- **Your objective**: The material below holds pictures, which are to be left out; copy exactly the lines from the one with "Mal di schiena" through the one with "Síťová karta DELL 403-BBKZ 4x SFP+ 10Gb".

** Data to process follows **

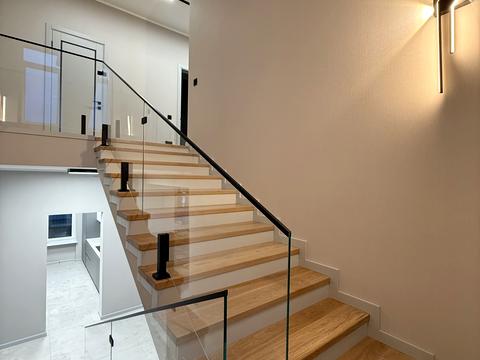 будинок за адресою пров. Глинище, 39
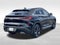 2022 INFINITI QX55 ESSENTIAL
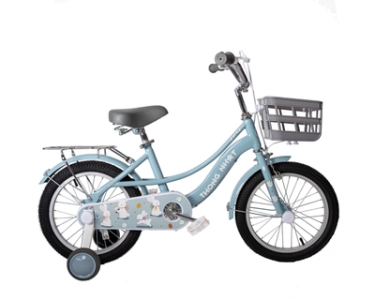 những chiếc xe đạo được đơn vị cung cấp tại xưởng sản xuất chất lượng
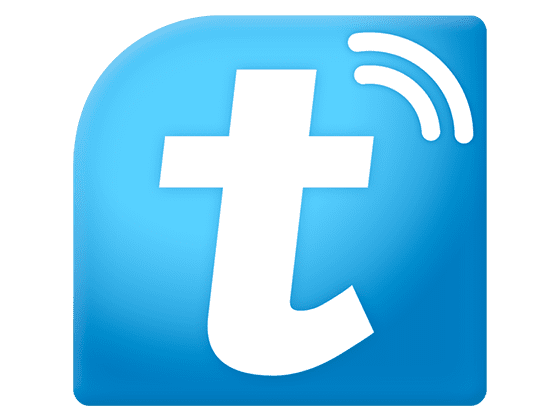 Wondershare MobileTrans 6.9.11.30 用于手机间传输数据的应用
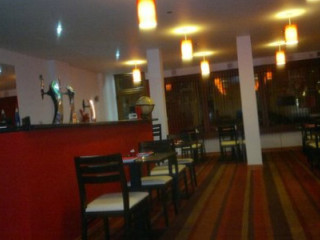 Amaras Kitchen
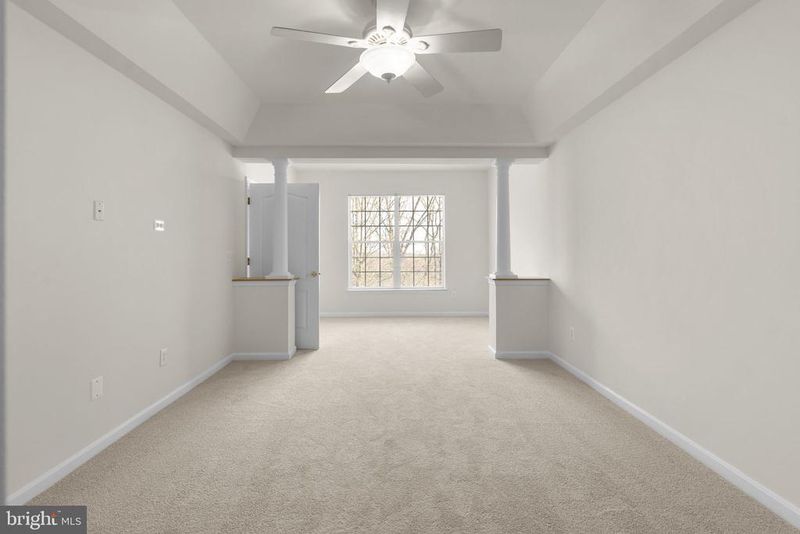 6155 Shadywood Rd #204, Elkridge, MD 21075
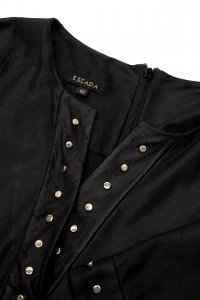 Повседневное платье 29.12.2023 Newlife.moda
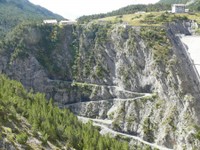 Torri_di_Fraele_33.JPG
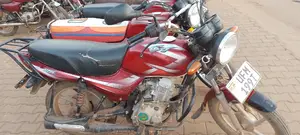 New Bajaj Pulsar 150 2022 Purple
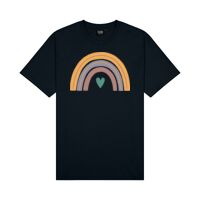 Cloke Mens Edit Tee Thumbnail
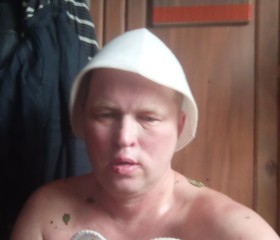 Алексей, 45 лет, Вологда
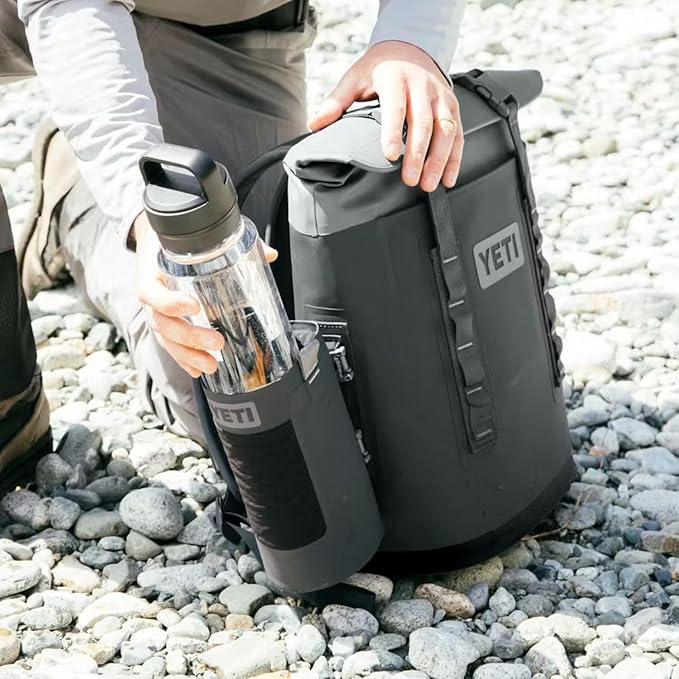 YETI Bottle Sling for Rambler Bottles - Image 4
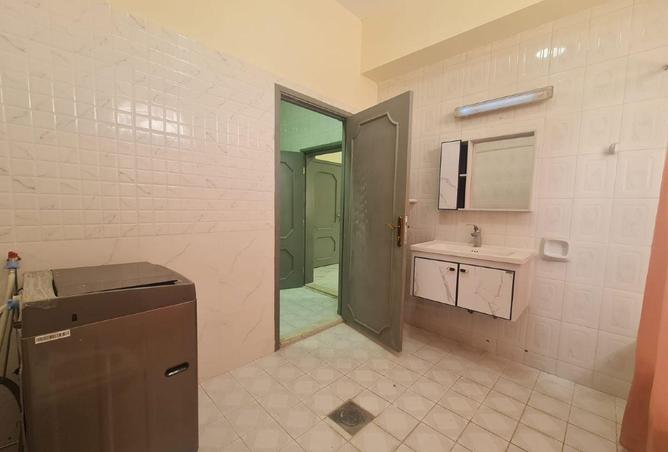 55228470 - Property Image 2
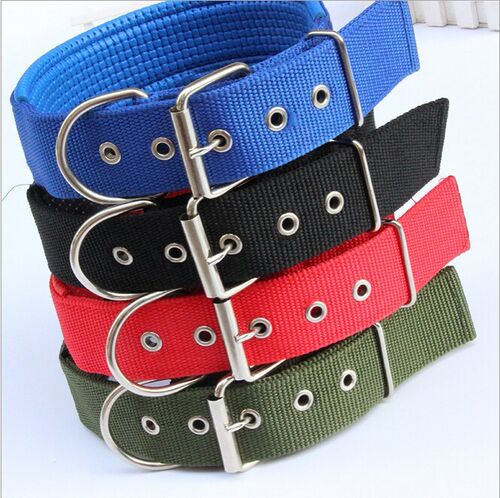 Hot Selling Adjustable Practical Dog Pet Car Safety Leash Se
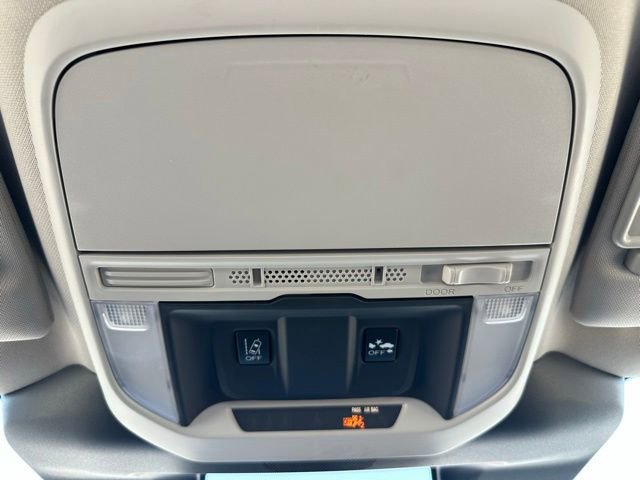 Certified 2023 Subaru Forester AWD/4WD image 24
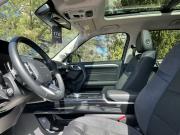 Haval Dargo Санкт-Петербург  - изображение 55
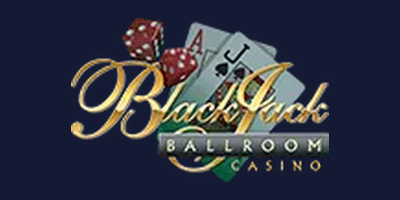 Blackjack Ballroom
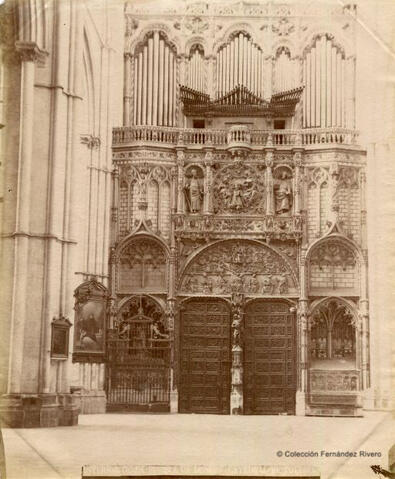 Open original Digital object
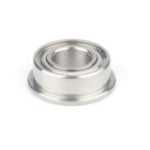 베어링 A97L-0001-0670DRF2280HA97L-0201-0369FL608LLB Fanuc EDM 와이어 컷 기계에 적용 크기 2287mm : 은평상사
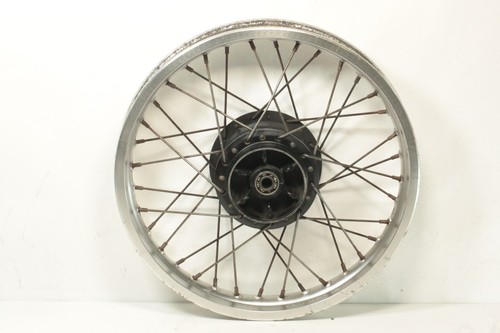 Jante arrière yamaha 350 - ,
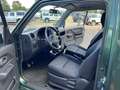 Suzuki Jimny 1.3 L VVT Essence 86 CV JLX Vert - thumbnail 12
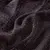 Produktbild 7 för Plisserad kjol för barn glitter marin 92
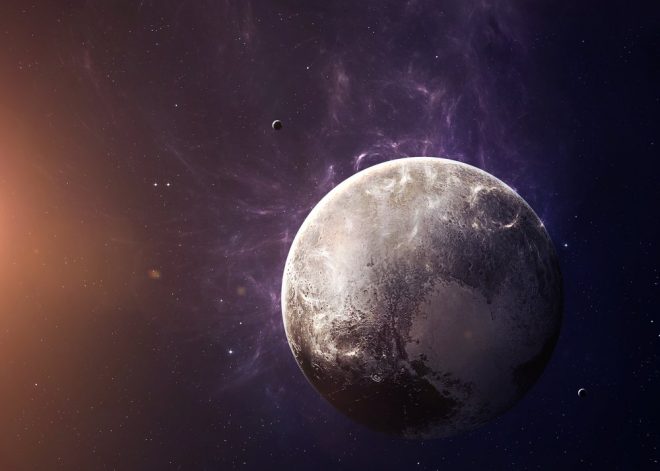 Yeni Ay'ın yöneticisi Mars, Plüton ile beraber seyahat edecek. Çıkar ve kişilik çatışmalarından uzak durmakta fayda var. Kimseyle maddi çıkar çatışmasına girmeden, enayi yerine de konmadan halledin işleri. Bu birkaç gün şiddet, cinsel içerikli konu ve temalar çok gündeme gelebilir.
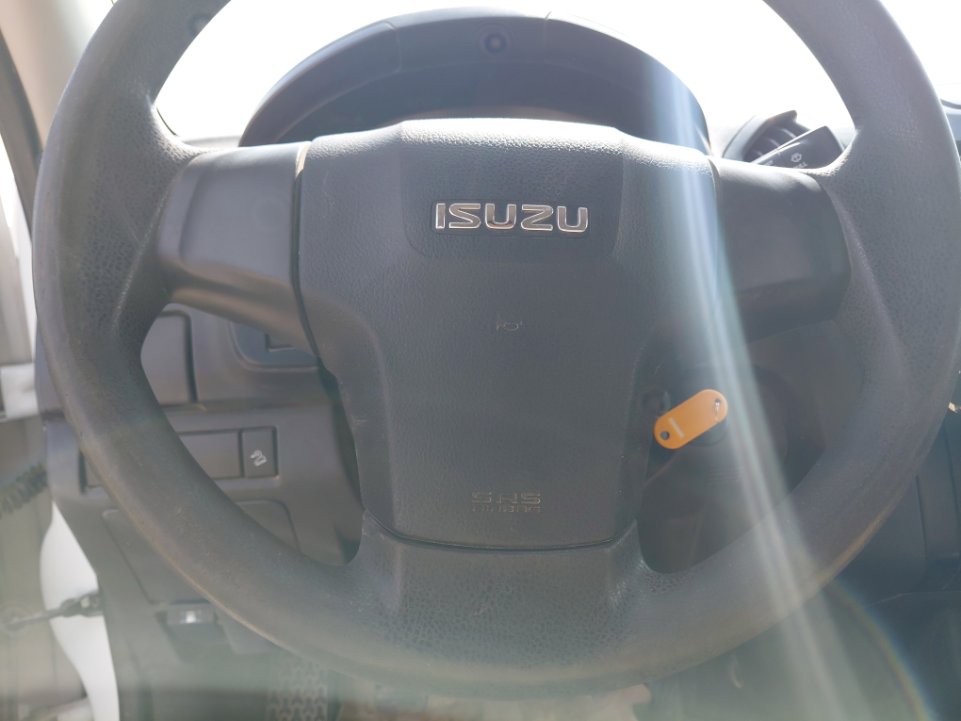 الوسائد الهوائية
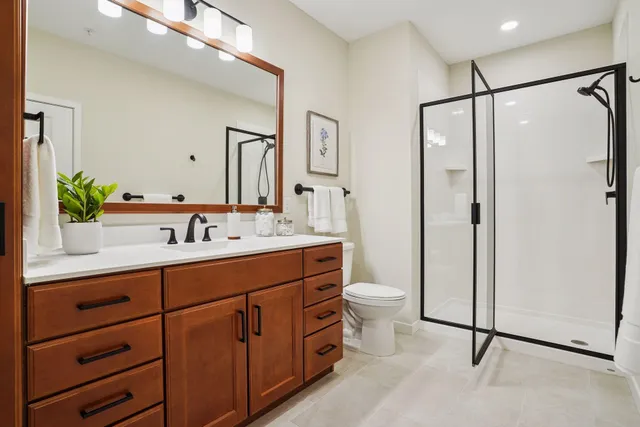 $499,900 | 1948 Wayzata Boulevard, Unit 114, Long Lake, MN 55356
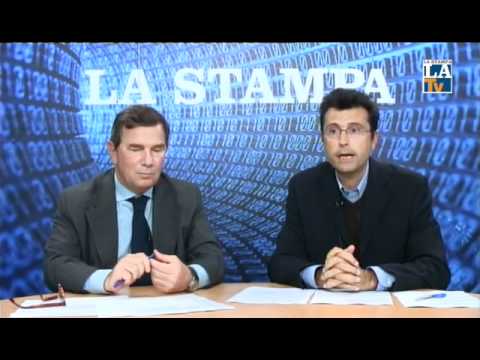 Mal di schiena schiena Dolore al petto e parte bassa della schiena e basso addome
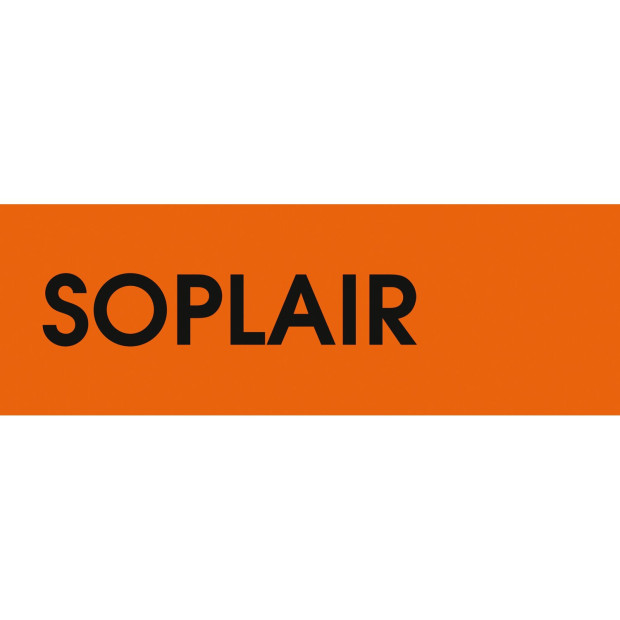 SUNROAD SOPLAIR 777556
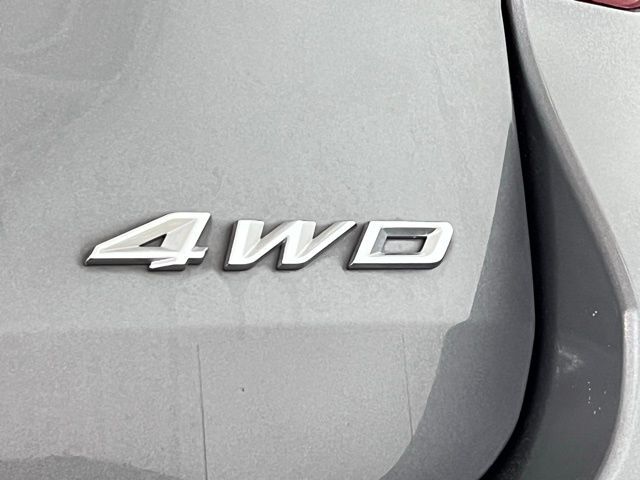 2023 Ford Explorer Limited Carrollton TX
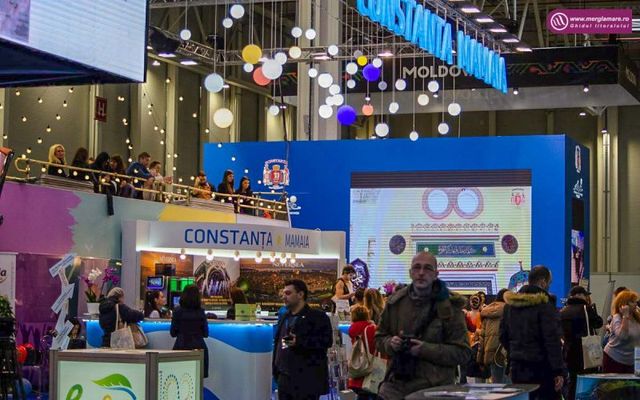 Taxă pentru românii care își fac vacanțele în străinătate? Ce spun ministerul și patronatele din turism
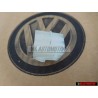 VW Original Rundsteckhülsengehäuse - 433959771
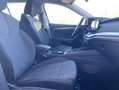 Skoda Octavia Combi 1.5 TSI e-TEC DSG Style 18"+NAVI-C Schwarz - thumbnail 13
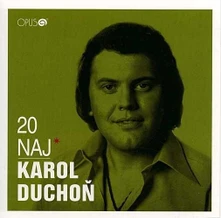 CD 20 NAJ
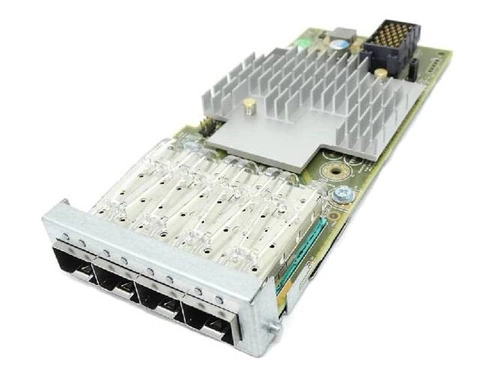Síťová karta DELL 403-BBKZ 4x SFP+ 10Gb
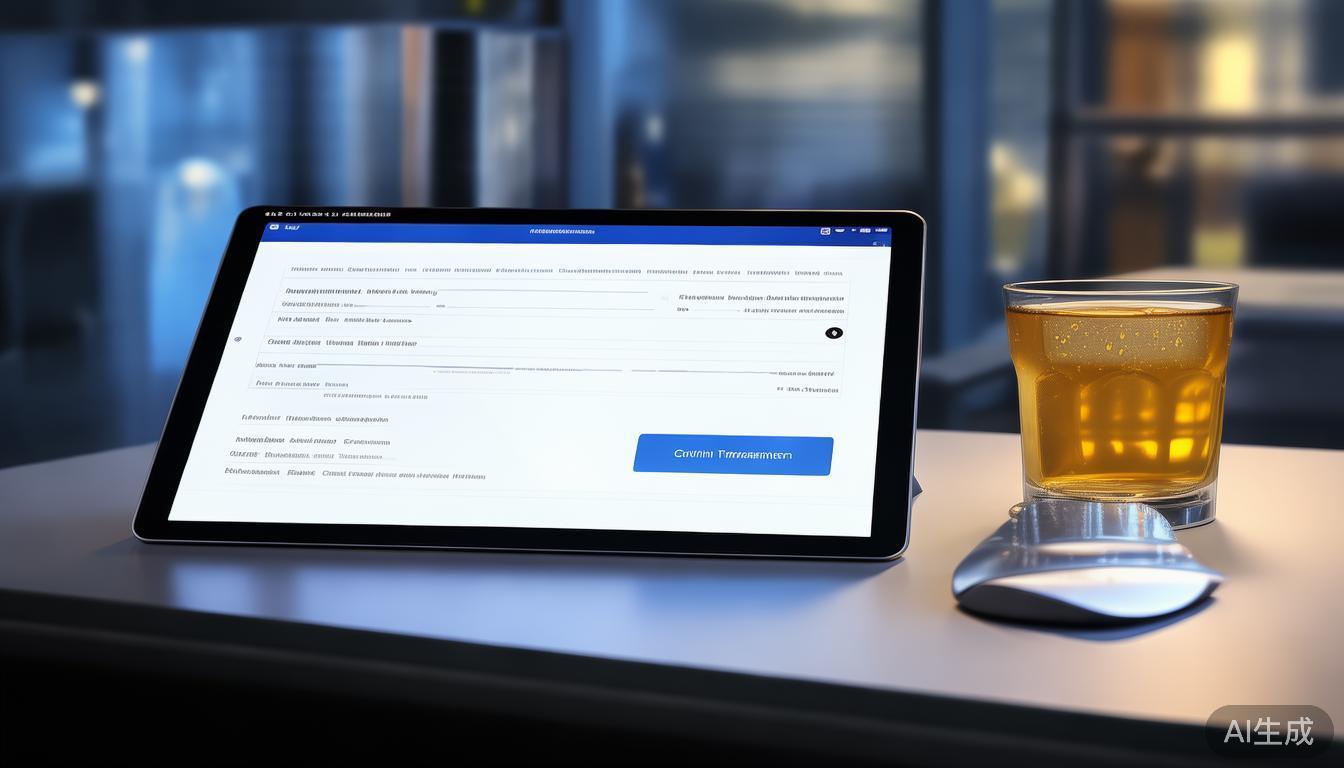 钱包活动_bitpie钱包最新推出的新功能与优化,如何帮助用户提升整体的使用体验与满意度?_钱包体系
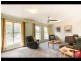 16 Farsley Pl, Manly West QLD 4179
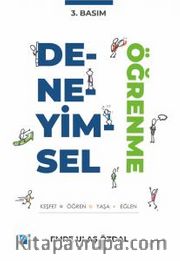 Deneyimsel Öğrenme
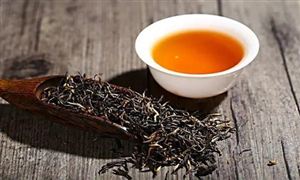 國內(nèi)新式茶飲市場的興起 茶葉的未來市場規(guī)模有多大?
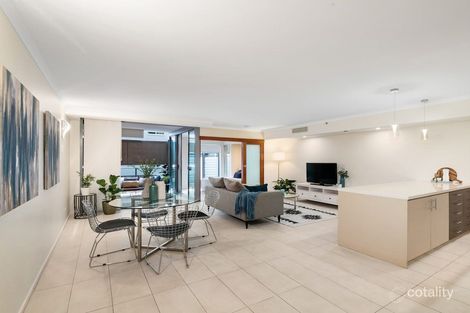 12/46 Arthur St, Fortitude Valley, QLD 4006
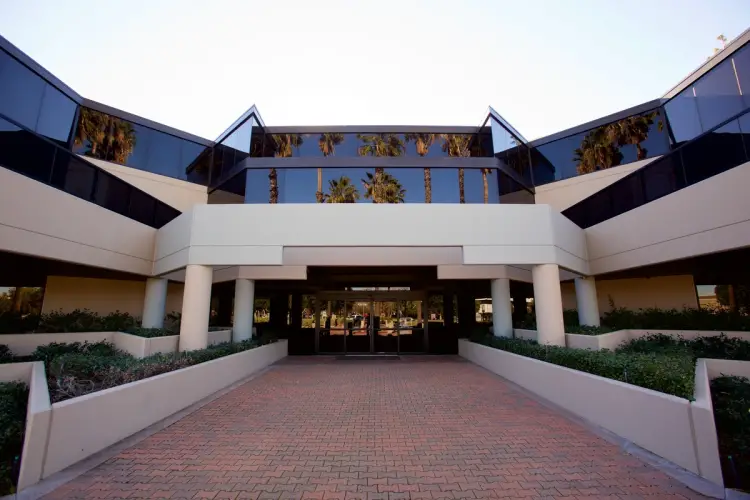 Best PA Schools in California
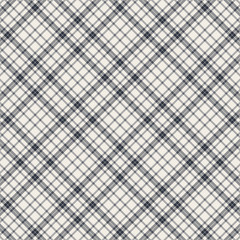Tartan plaid pattern background.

** End of Data to process **

- **Task answer**:
 Mal di schiena schiena Dolore al petto e parte bassa della schiena e basso addome
 SUNROAD SOPLAIR 777556
 2023 Ford Explorer Limited Carrollton TX
 Taxă pentru românii care își fac vacanțele în străinătate? Ce spun ministerul și patronatele din turism
 VW Original Rundsteckhülsengehäuse - 433959771
 Skoda Octavia Combi 1.5 TSI e-TEC DSG Style 18"+NAVI-C Schwarz - thumbnail 13
 CD 20 NAJ
Síťová karta DELL 403-BBKZ 4x SFP+ 10Gb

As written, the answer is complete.